• _ENTRIES SUPPLIED_

□ □ □ □ □

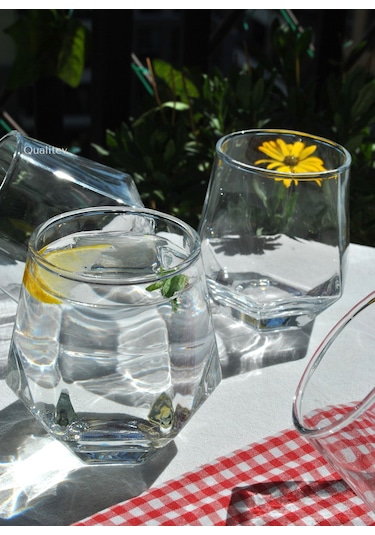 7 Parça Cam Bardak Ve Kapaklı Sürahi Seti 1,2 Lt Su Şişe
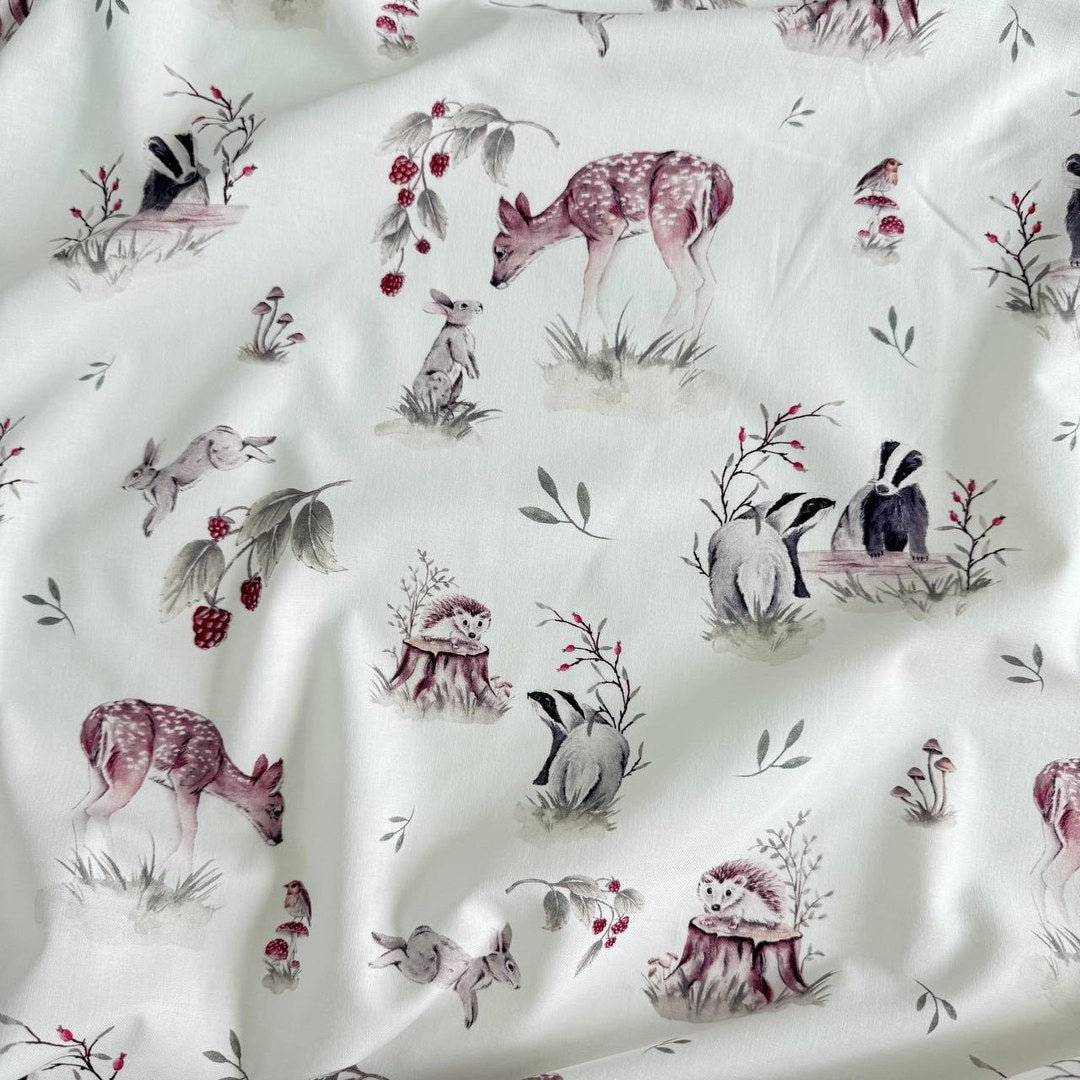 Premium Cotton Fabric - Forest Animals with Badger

□ □ □ □ □

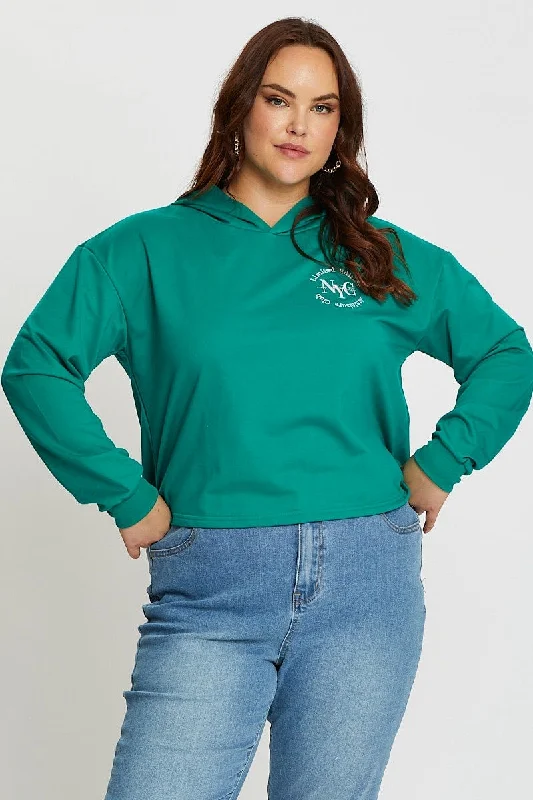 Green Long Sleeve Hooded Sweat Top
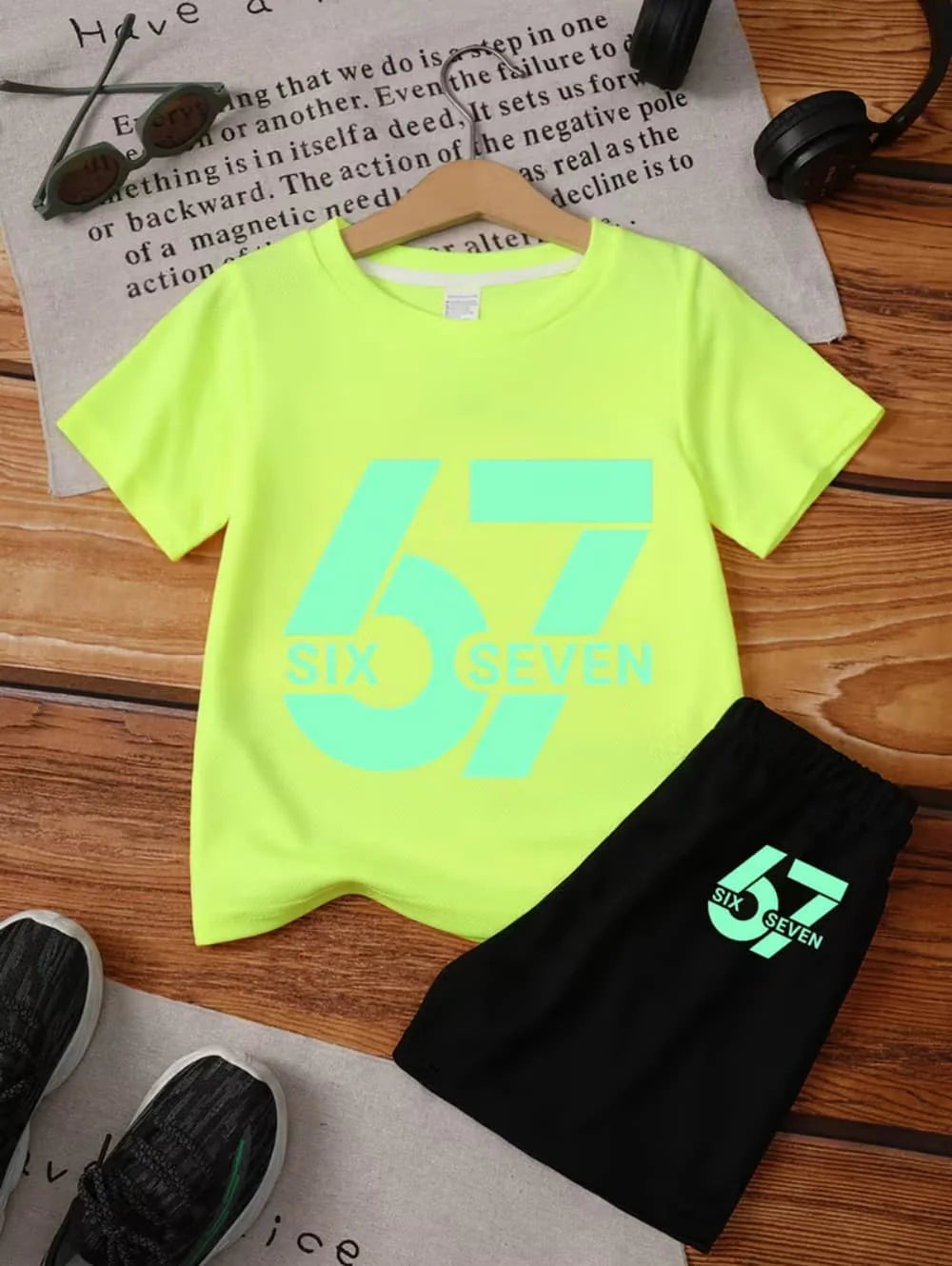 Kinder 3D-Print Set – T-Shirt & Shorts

□ □ □ □ □

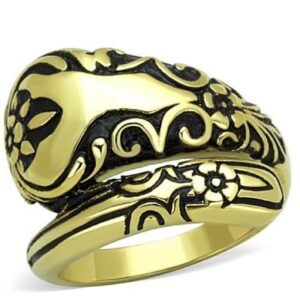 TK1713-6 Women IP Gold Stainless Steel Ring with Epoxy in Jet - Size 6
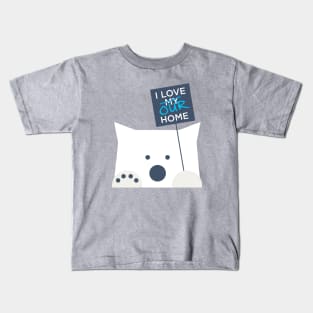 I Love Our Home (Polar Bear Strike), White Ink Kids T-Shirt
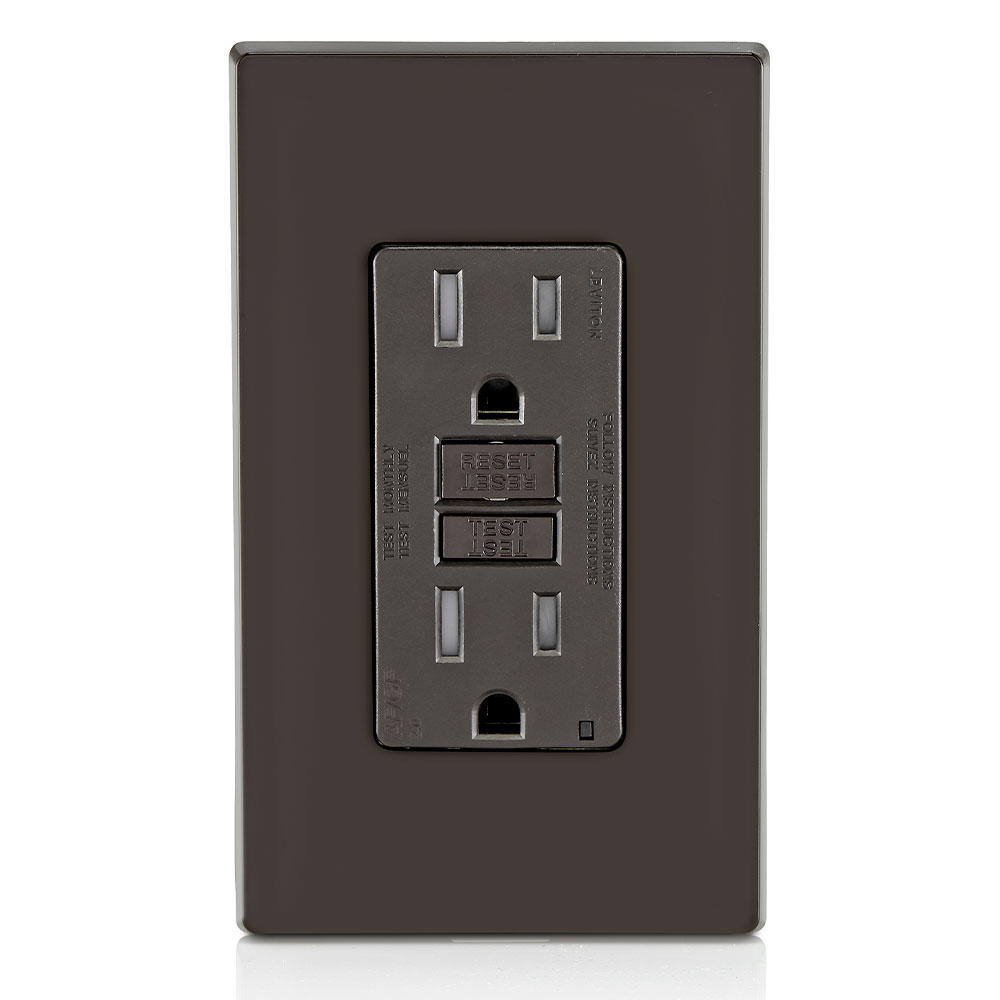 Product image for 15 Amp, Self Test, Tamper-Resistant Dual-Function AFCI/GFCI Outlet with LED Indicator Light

□ □ □ □ □

• _THE PROBLEM_
Everything between and including the line above containing "TK1713-6 Women IP" and the line containing "Product image for" should be reproduced exactly, with pictures excluded.

• _RESPONSE BOX_
 TK1713-6 Women IP Gold Stainless Steel Ring with Epoxy in Jet - Size 6
 I Love Our Home (Polar Bear Strike), White Ink Kids T-Shirt
 Product image for 15 Amp, Self Test, Tamper-Resistant Dual-Function AFCI/GFCI Outlet with LED Indicator Light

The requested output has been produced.